The Spell of Discouragement
Growing up in Ajloun, Jordan, Dunia Alrabadi had a goal at a young age to attend college in the United States. As a child, she met many people who thought her dream was impractical—maybe even impossible. Alrabadi doubled down on her goal in order to prove she could be more than others believed. Now, as a recent graduate from BYU Marriott’s MBA program, Alrabadi has her sights set on helping others like her achieve their dreams.
“I don’t know why, but discouragement is like a spell to me,” she says. “Telling me ‘you can’t’ gives me the ability to do that thing.”
Alrabadi first set her goal of attending college in the US when she was in sixth grade. She wanted to leave Ajloun to gain more life experiences. Alrabadi maintained her goal throughout high school, even attending an American-system boarding school to increase her chances. She ultimately needed help, however, because her family did not have the resources to pay for full expenses at an American university.
Fortunately, Alrabadi’s hard work and ambition paid off as she qualified for an international scholarship from BYU.
“I owe everything for the rest of my life to BYU scholarships,” she observes. “What BYU did for me is amazing and was totally meant to be.”

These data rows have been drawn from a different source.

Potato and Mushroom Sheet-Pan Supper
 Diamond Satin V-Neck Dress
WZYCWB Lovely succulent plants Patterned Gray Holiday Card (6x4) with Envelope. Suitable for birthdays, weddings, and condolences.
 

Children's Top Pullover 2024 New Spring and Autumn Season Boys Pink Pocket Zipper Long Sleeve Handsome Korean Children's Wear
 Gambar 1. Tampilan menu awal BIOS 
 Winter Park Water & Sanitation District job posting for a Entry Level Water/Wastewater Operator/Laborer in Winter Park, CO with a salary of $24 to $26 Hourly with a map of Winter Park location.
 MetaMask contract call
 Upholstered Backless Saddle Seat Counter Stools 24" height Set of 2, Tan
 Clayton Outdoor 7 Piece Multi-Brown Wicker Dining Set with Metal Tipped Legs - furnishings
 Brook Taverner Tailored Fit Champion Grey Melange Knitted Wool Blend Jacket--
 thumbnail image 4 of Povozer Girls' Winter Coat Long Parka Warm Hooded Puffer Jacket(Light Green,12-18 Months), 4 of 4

Alrabadi’s love of math drew her to engineering, and she graduated from BYU with a bachelor’s degree in electrical engineering in 2016. After graduation, Alrabadi worked for a few years as a software engineer for Digi International, a wireless internet company. While she enjoyed her work, Alrabadi decided to earn an MBA to open more career opportunities in a variety of areas. By making this choice, she also faced her next big challenge: the GMAT. “Standardized testing is something that’s difficult for me,” Alrabadi explains. “I made a goal to take the GMAT and score well enough to attend a top-rated program.”
Alrabadi’s scores were high enough to get her accepted into several business schools across the country. Initially, she planned on leaving Provo to expand her experiences as an international student. However, after meeting with other schools, Alrabadi felt drawn back to BYU. “I could quickly tell the difference in the interactions I had with faculty outside BYU,” she says. “They were wonderful people, but for me there’s always good and better. My mind kept returning to the interactions I had with faculty at BYU. My appreciation for my professors brought me back to Provo.”
While choosing a school for her MBA was complicated, Alrabadi is grateful she chose BYU Marriott. “I can’t emphasize enough how pleased I am with my choice,” she adds. “Attending and returning to BYU was 100 percent the right decision.”
Alrabadi’s performance during her MBA was recognized in 2021 by Poets&Quants when she was named as one of the publication’s Best & Brightest MBA students.
Alrabadi wants to give back and help others enjoy opportunities similar to the ones she’s had. She hopes to one day establish an Alrabadi Scholarship Fund for international students to attend a university of their choice. She has also considered becoming a professor at BYU Marriott in the future.
“I don’t know why this thought keeps coming to mind, but I envision myself being in a specific classroom, W240, in the Tanner Building and teaching,” Alrabadi says. “I’d love to come back and teach at BYU Marriott and be the same type of professor, guide, and mentor for students that my professors have been for me in my life.”